WORK ITEM.
The material below holds the lines to copy: from the one with "Used 2022 Ford" up to and including the one with "Genç mutlu alkışlayan kadın.". Copy them exactly and skip the pictures.

MATERIAL SHOWN.
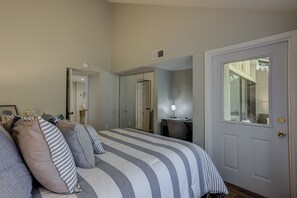 2 bedrooms, desk, iron/ironing board, internet - Sunset Rentals | Treetops 6104 (Hilton Head Island)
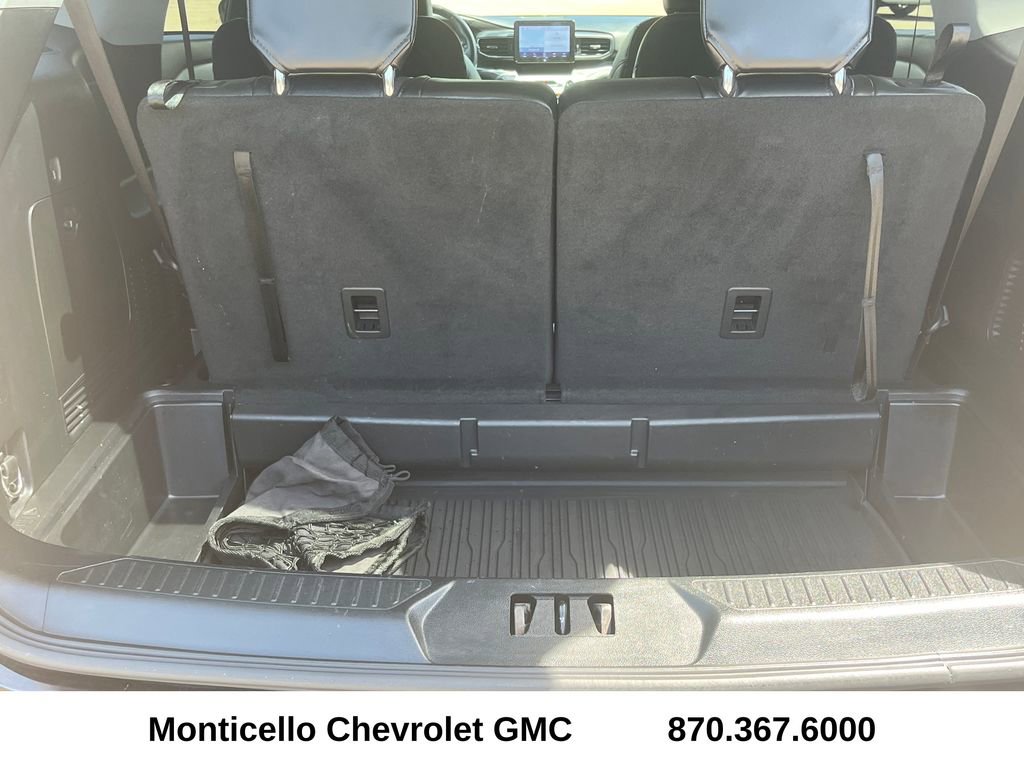 Used 2022 Ford Explorer XLT w/ Equipment Group 202A image 28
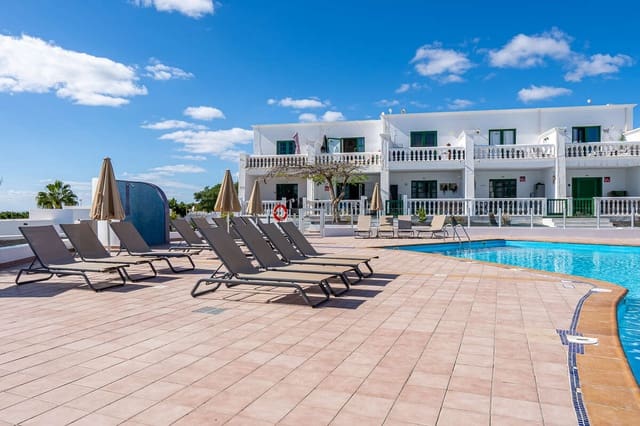 2 sovrum Lägenhet till salu i Puerto del Carmen, Tías - 210 000 € (Ref: 9455720)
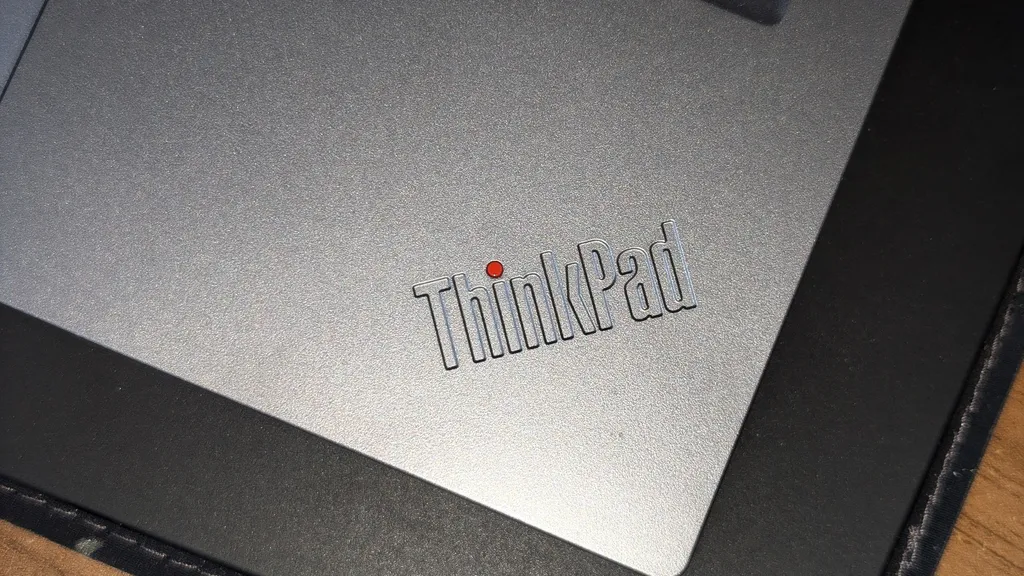 Đánh giá Lenovo ThinkPad T14 Gen 5: Laptop doanh nghiệp bền bỉ, hiệu năng ổn định nhưng pin chưa hoàn hảo 43 Lenovo ThinkPad T14 Gen 5 7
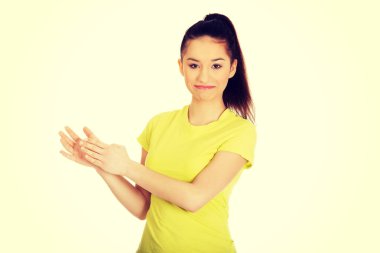 Genç mutlu alkışlayan kadın.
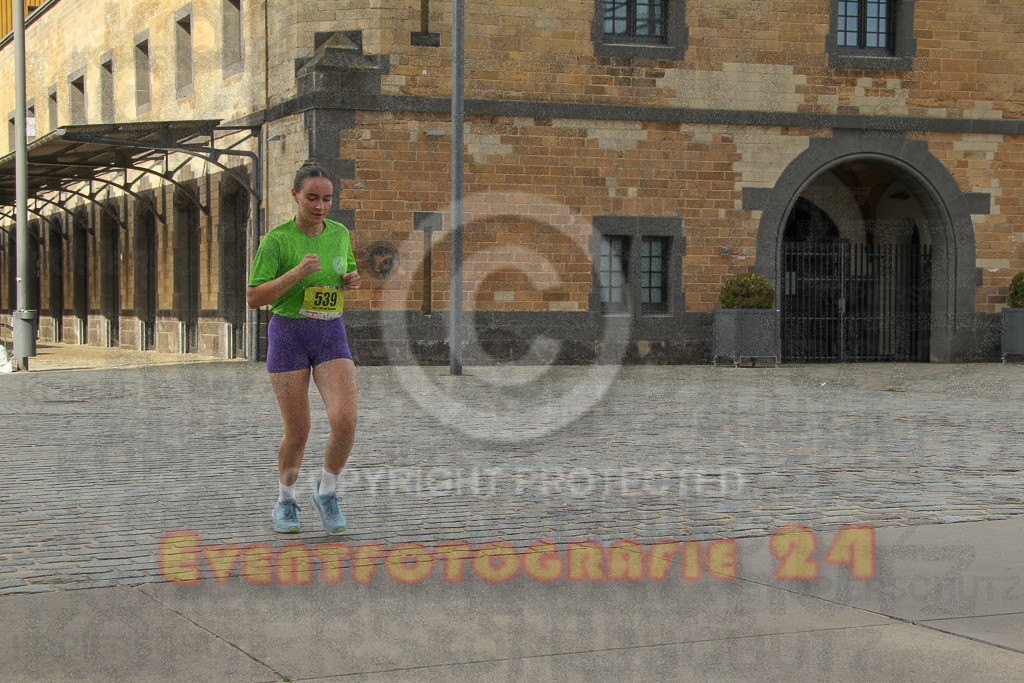 250920_1526_EV4_8816 | Sportfotografie im Rhein-Sieg Kreis, Köln, Bonn, NRW, Rheinland Pfalz, Hessen, etc. Unser Tätigkeitsfeld umfasst den Laufsport vom Volkslauf über den Marathon, Duathlon, Triathon bis zum Ultralauf wie Kölnpfad Ultra oder Schindertrail.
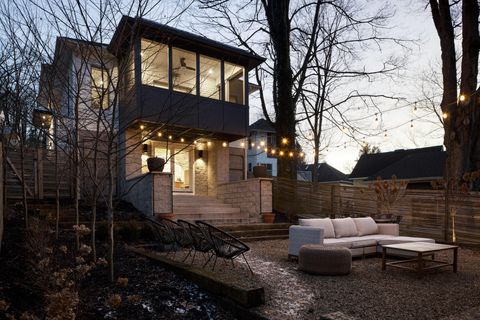 Tiny photo for 442 E Broadway, Granville, OH 43023 (MLS # 226003056)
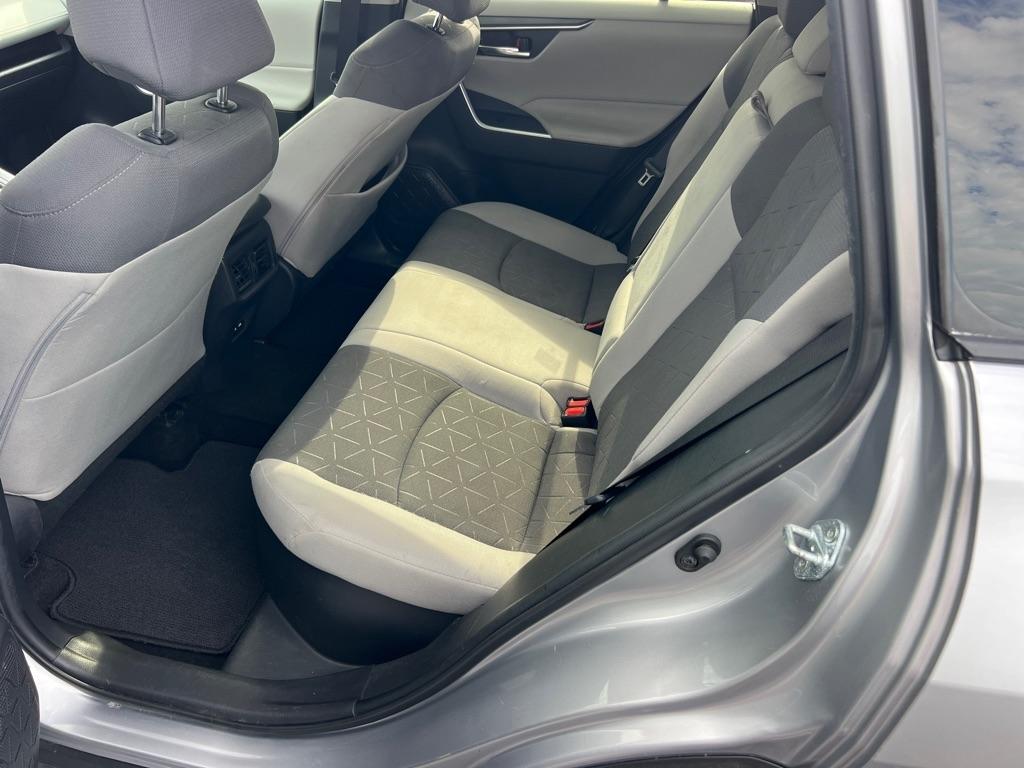 Toyota RAV4 Hybrid XLE AWD (Natl) 2021
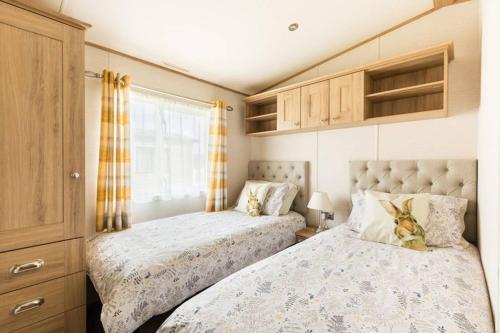 Кровать или кровати в номере Thumper Lodge - Luxury lodge with Hot Tub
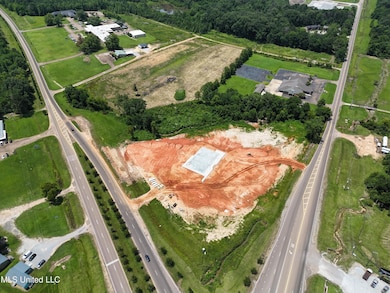 dji_fly_20240814_185200_0083_17496615679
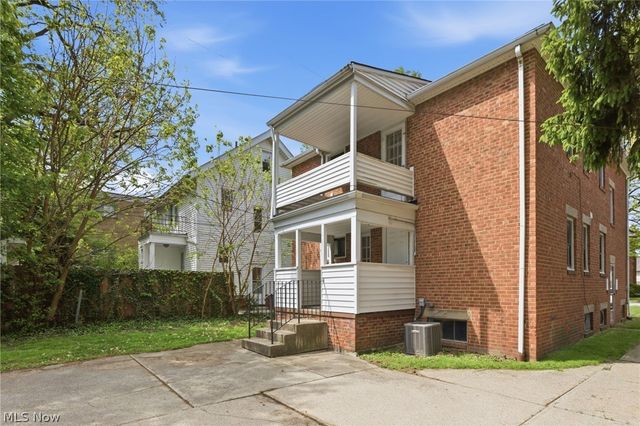 2261 Warren Road, Lakewood, OH 44107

TASK SOLUTION.
 Used 2022 Ford Explorer XLT w/ Equipment Group 202A image 28
 2 sovrum Lägenhet till salu i Puerto del Carmen, Tías - 210 000 € (Ref: 9455720)
 Đánh giá Lenovo ThinkPad T14 Gen 5: Laptop doanh nghiệp bền bỉ, hiệu năng ổn định nhưng pin chưa hoàn hảo 43 Lenovo ThinkPad T14 Gen 5 7
 Genç mutlu alkışlayan kadın.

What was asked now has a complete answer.